Mail, Postal and Courier Services, Spain to UK - Easypost - Homepage


----------



## Lolito (Aug 25, 2012)

Can you just not send them by normal recorded delivery to Milton Keynes? 

Wonder what Xabiachica did or how?


----------



## xabiaxica (Jun 23, 2009)

Lolito said:


> Can you just not send them by normal recorded delivery to Milton Keynes?
> 
> Wonder what Xabiachica did or how?


I couriered them to Milton Keynes by fedex or UPS or somesuch - I went into one of those TotalPostal type places - I can't remember which - we have so many in Jávea....

I had them Fedex'd by the FCO to my home address

I just don't trust normal correos/Royal mail - even the recorded delivery - I've heard so many horror stories


----------



## Lolito (Aug 25, 2012)

But that might be expensive?? Do you remember how much?

I have to send my marriage certificate and my divorce sentence this week!


----------



## xabiaxica (Jun 23, 2009)

Lolito said:


> But that might be expensive?? Do you remember how much?
> 
> I have to send my marriage certificate and my divorce sentence this week!


a lot!!

I can't remember, but all in all it came to something like 100€ including the apostille stamps for 2 certs

the apostilles were 30 quid each so 30€ maybe? - shop around though, some couriers are cheaper than others for essentially the same service


----------



## goingtobcn (Sep 9, 2012)

The problem is that the FCO in Milton Keynes say that I can't use a courier as couriers will not deliver to a PO Box, and their address is a PO Box. They suggest using Royal Mail recorded delivery, but that's not very helpful when we're not in the UK! What's the Spanish equivalent of recorded delivery? 
Steve_in_Spain, thanks for your reply. Unfortunately, that company is a little too far down the coast (we're in Barcelona). Will have a look for similar companies round here though.
Other option is to courier to my parents in the UK then ask them to send on with a courier...


----------



## xabiaxica (Jun 23, 2009)

goingtobcn said:


> The problem is that the FCO in Milton Keynes say that I can't use a courier as couriers will not deliver to a PO Box, and their address is a PO Box. They suggest using Royal Mail recorded delivery, but that's not very helpful when we're not in the UK! What's the Spanish equivalent of recorded delivery?
> Steve_in_Spain, thanks for your reply. Unfortunately, that company is a little too far down the coast (we're in Barcelona). Will have a look for similar companies round here though.
> Other option is to courier to my parents in the UK then ask them to send on with a courier...


I distinctly remember couriering them 

that idea of yours to send them to your parents would be an idea though


----------



## goingtobcn (Sep 9, 2012)

OK, got it - I can send it with a courier to a different address Customers must NOT visit the address below to submit an application. We will not be responsible for any costs incurred for travel to this address.
Sure it won't be cheap, but don't want to lose the original or our marriage certificate!

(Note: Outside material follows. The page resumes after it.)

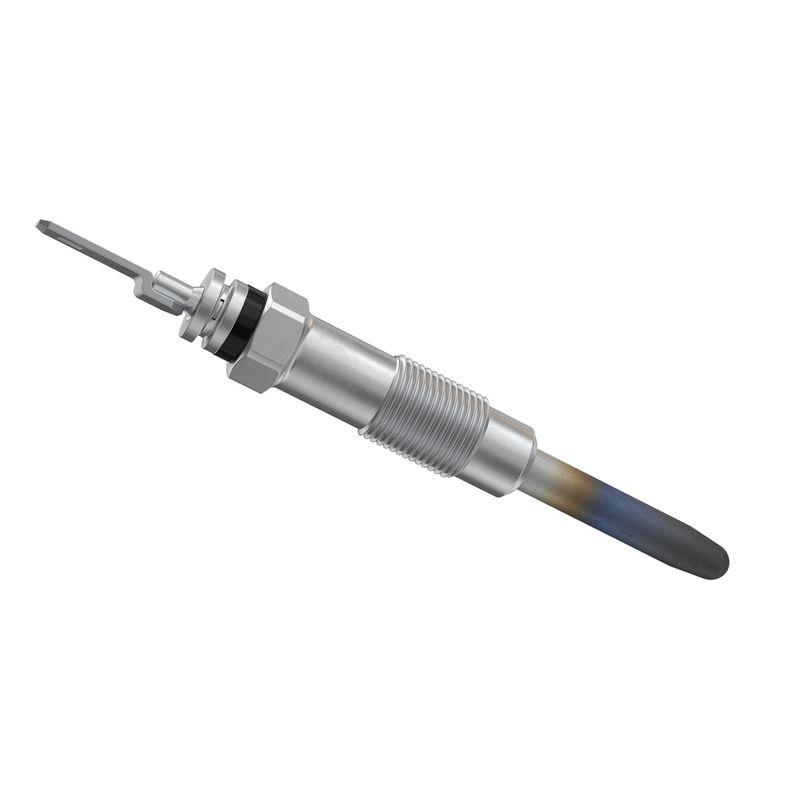 Bougie de préchauffage BOSCH 0 250 202 126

xabiachica, as I think you said, I was able to include the cost of them couriering it back to me in the cost of the apostille (another £14.50 after £30 for the stamp)


----------



## xicoalc (Apr 20, 2010)

xabiachica said:


> I couriered them to Milton Keynes by fedex or UPS or somesuch - I went into one of those TotalPostal type places - I can't remember which - we have so many in Jávea....
> 
> I had them Fedex'd by the FCO to my home address
> 
> I just don't trust normal correos/Royal mail - even the recorded delivery - I've heard so many horror stories


 I completely agree – if you're sending something of no value or minimal importance then great use the Spanish postal system but for anything else use a courier. I have sent items and spent €30 or more – just an envelope with documents through the Spanish postal system back to the UK and had them get lost. The company that I mentioned earlier on – easy post a fantastic but as you said there are other companies that you can go to that offer a similar service and I would expect to pay probably €15 or maybe €20 to send a document to the UK but at least you know it's going to go with a reliable courier firm or at worst be sent by reliable career into the UK and then transferred onto the Royal mail registered post system – all of which are trackable and come with insurance.

Somebody commented earlier about not wanting to spend much money but they are sending a marriage certificate and to be perfectly honest with you the cost not to mention the inconvenience of having a document like this replaced when you consider the high risk of them going missing for the public postal system makes the cost of a career in significant in my opinion – however tight things are!

Incidentally, a few years ago when I worked from home I used to send backwards and forwards to the UK boxes of documents – the boxes that a4 paper come in – I used to use DHL and although the boxes were never fall they probably weighed around about eight or 9 kg and I think they cost about €40 or €50 for each one that was sent so even if you go direct to the courier firm is still an option.


----------



## Lolito (Aug 25, 2012)

Correo Certificado is Recorded Delivery. 

I have used lots of them from Spain and everything got there ... eventually.


----------



## Lolito (Aug 25, 2012)

I might use the Couriers then... just to be safe. Better than sorry!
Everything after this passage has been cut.